Sementara itu, smelter dengan keluaran chemical grade alumina (CGA) milik PT Indonesia Chemical Alumina dengan kapasitas input bijih bauksit mencapai 750 ribu ton. Smelter tersebut dapat menghasilkan olahan bauksit sebesar 300.000 ton.
Kemudian, terdapat satu smelter pengolahan produk lanjutan produk olahan bijih bauksit menjadi aluminium, ingot dan billet yang dioperasikan PT Indonesia Asahan Aluminium (Inalum). Smelter itu memiliki kapasitas produksi 345.000 ton.
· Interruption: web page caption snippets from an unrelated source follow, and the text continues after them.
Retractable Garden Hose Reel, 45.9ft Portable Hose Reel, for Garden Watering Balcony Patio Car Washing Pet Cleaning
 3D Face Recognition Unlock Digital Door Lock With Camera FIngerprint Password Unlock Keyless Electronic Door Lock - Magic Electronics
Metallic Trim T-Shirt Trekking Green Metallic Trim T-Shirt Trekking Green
“Iya memang ada beberapa yang ini. Pokoknya ini kami lagi diskusikan agar cepat. Untuk progresnya ada yang di bawah 50%, tapi yang jelas tiga smelter sudah jadi,” kata Tri.
Sebelumnya diberitakan, Asosiasi Pengusaha Bauksit dan Bijih Besi Indonesia (APB3I) menyampaikan bahwa sumber pendanaan atau pinjaman untuk pembangunan smelter bijih bauksit terbilang sulit.
Pelaksana Harian Ketua Umum APB3I, Ronald Sulistyanto, mengatakan bahwa sumber pendanaan atau suntikan modal dari lembaga keuangan di Tanah Air kian sulit untuk menyalurkan pinjaman kepada pelaku usaha industri bauksit.
“Kami ajukan ke Himbara (Himpunan Bank Milik Negara) saja ditolak. Kami sebetulnya minta tambahan ekuiti agar posisi kami bisa sejajar dengan investor, tapi gak bisa juga,” kata Ronald kepada Katadata.co.id melalui sambungan telepon pada Jumat (30/12/2022).